Es frecuente observar el conflicto de Medio Oriente como un tablero trágico, imposible de repartir entre buenos y malos. Y algo de eso hay: décadas de fronteras coloniales arbitrarias, diplomacias torpes, terrorismos cruzados y expansiones territoriales configuran un paisaje donde todos cargan culpas.
Pero ese diagnóstico cómodo suele quedarse en la superficie de la equidistancia moral. Hay un plano más hondo, estratégico y civilizatorio, que rara vez se quiere abordar: con todos sus defectos, Occidente encarna un proyecto laico y racional que admite la autocrítica. Del otro lado emergen fuerzas que ni siquiera conciben el límite humano, porque su legitimación no pasa por el individuo, sino por el dogma.
Irán ofrece la prueba más descarnada. Bajo una fachada republicana —presidente, parlamento, elecciones— gobierna una teocracia pura. El Líder Supremo concentra el verdadero poder: decide la política exterior, quién puede ser candidato, quién vive o muere. Su Guardia Revolucionaria es mucho más que un ejército: maneja bancos, empresas y financia milicias que desangran Líbano, Yemen, Siria. La moral pública no es cuestión de costumbre, sino de policía religiosa. Mahsa Amini murió en 2022 por llevar mal colocado un velo. Las mujeres no pueden elegir su vestimenta; las minorías sexuales se arriesgan, literalmente, al patíbulo.

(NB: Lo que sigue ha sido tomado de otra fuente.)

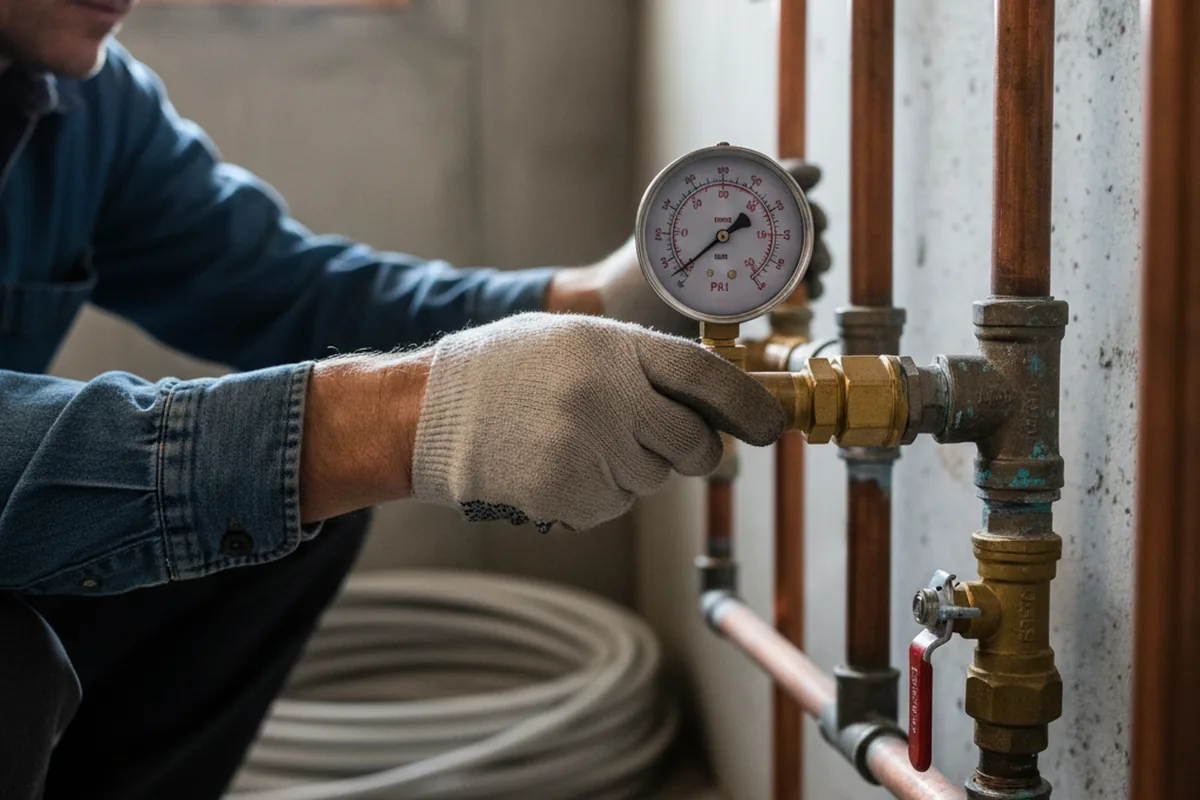 Pressure testing a repaired line during Water Line Repair in El Cerrito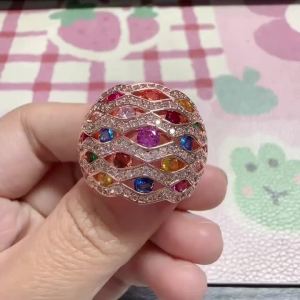 Huitan Hollow Women Ring Rose Gold Color Graceful Wedding Party Luxury Fashion Lady Jewelry with Multiple Colors CZ Accessories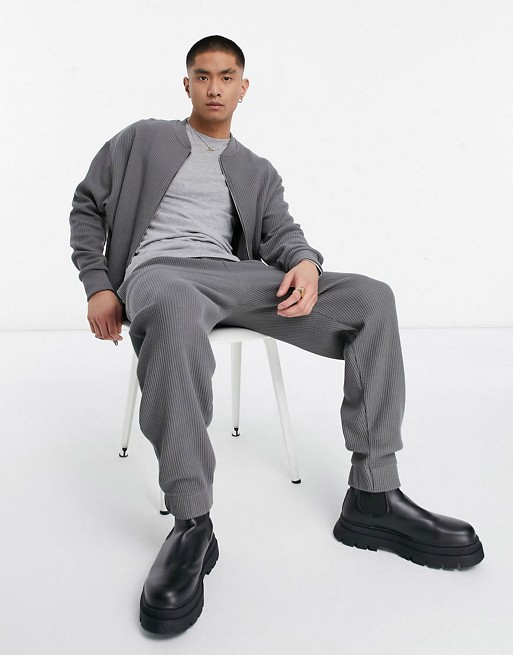 Reclaimed Vintage inspired waffle zip through sweat & jogger co-ord in charcoal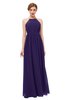 ColsBM Peyton Royal Purple Bridesmaid Dresses Pleated Halter Sleeveless Half Backless A-line Glamorous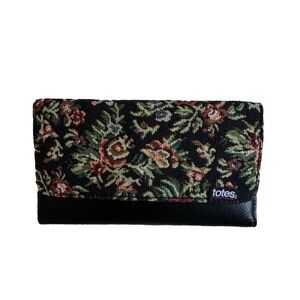 totes Black Floral Fabric & Faux Leather Wallet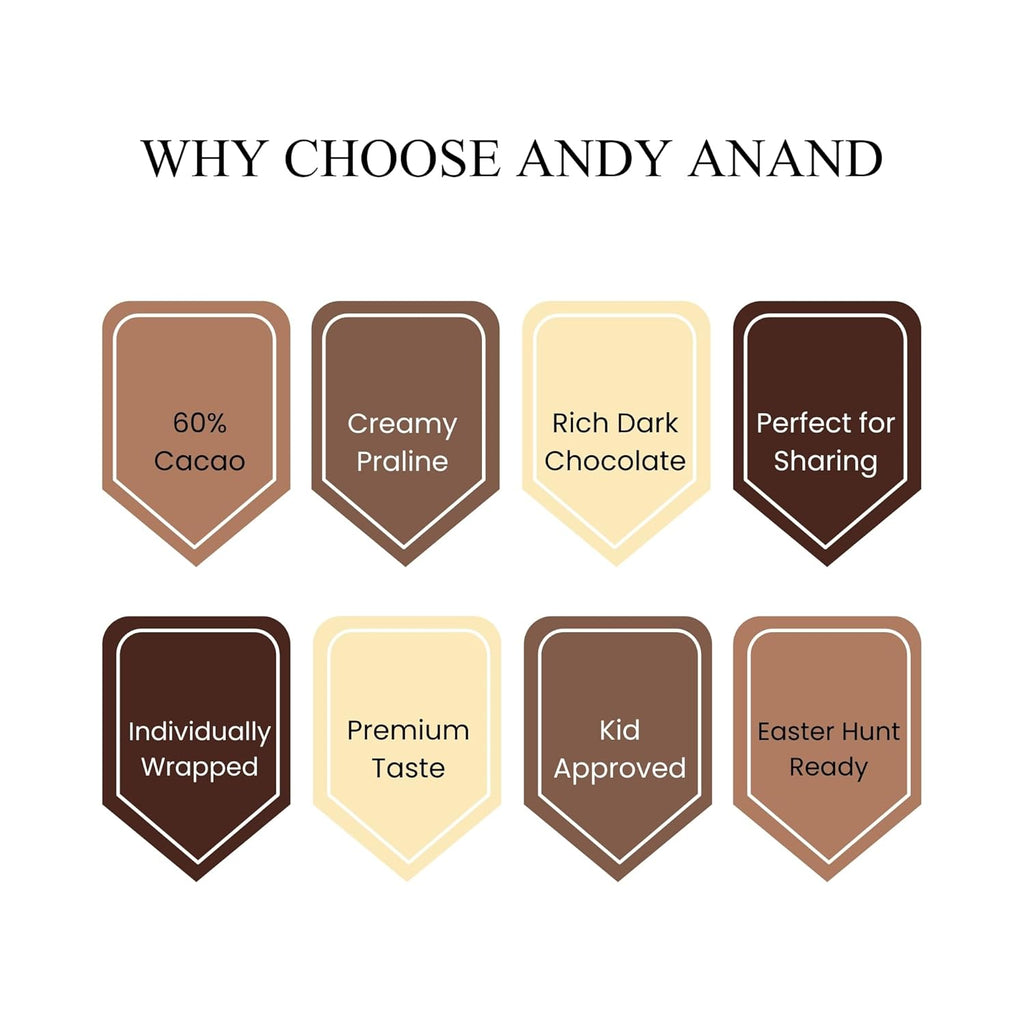 Promotional graphic for Andy Anand chocolate products with color swatches and text.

En Gaza, Hamas invoca la causa palestina como un escudo absoluto. Pero gobierna con puño de hierro: no hay prensa libre, ni cortes independientes, ni protestas feministas. Quienes se atreven a cuestionar son silenciados, torturados o ejecutados. Mientras tanto, sus líderes levantan banderas de liberación que a la población civil le cuestan la vida.
Frente a esto, el progresismo occidental suele reaccionar con una indulgencia casi cínica. Se elevan voces indignadas contra el machismo estructural en París o Nueva York, pero se guarda un silencio curioso ante los velos obligatorios, las lapidaciones o los tribunales morales de Teherán. Se exigen derechos universales en casa, pero se relativizan fuera, apelando a la “cultura” o al “contexto histórico” para no juzgar lo que debería ser inaceptable bajo cualquier prisma ético.
Así se consuma una paradoja siniestra: en nombre del respeto cultural, se abdica del universalismo de los derechos humanos. Se olvida que el laicismo, la igualdad jurídica y las libertades individuales no son caprichos eurocéntricos. Son conquistas arduas, que costaron guerras civiles, revoluciones y sangre.
Al eximir de crítica a regímenes teocráticos solo por no ser occidentales, se termina practicando un racismo blando: ese que dice, sin decirlo, “no podemos esperar lo mismo de ustedes, porque son distintos”. Como si la dignidad dependiera del lugar de nacimiento.
Pero la defensa de la razón contra el dogma tampoco debe embriagar a Occidente en su propia autocomplacencia. Guantánamo, Abu Ghraib, el espionaje masivo de ciudadanos: todo eso también mina el universalismo que dice defender. Una sociedad que vigila sin freno o tortura en secreto no tiene superioridad moral automática. Solo posee la ventaja histórica de poder autocorregirse. Y eso, en definitiva, sigue siendo decisivo.
Por eso Occidente —o mejor dicho, el proyecto ilustrado, con su razón autocorrectiva, imperfecta pero viva— sigue siendo la apuesta más valiosa que tenemos.
No por un orgullo imperial ni por nostalgia de viejas certezas, sino por la simple defensa de algo esencial:
Que disentir no sea un riesgo de muerte.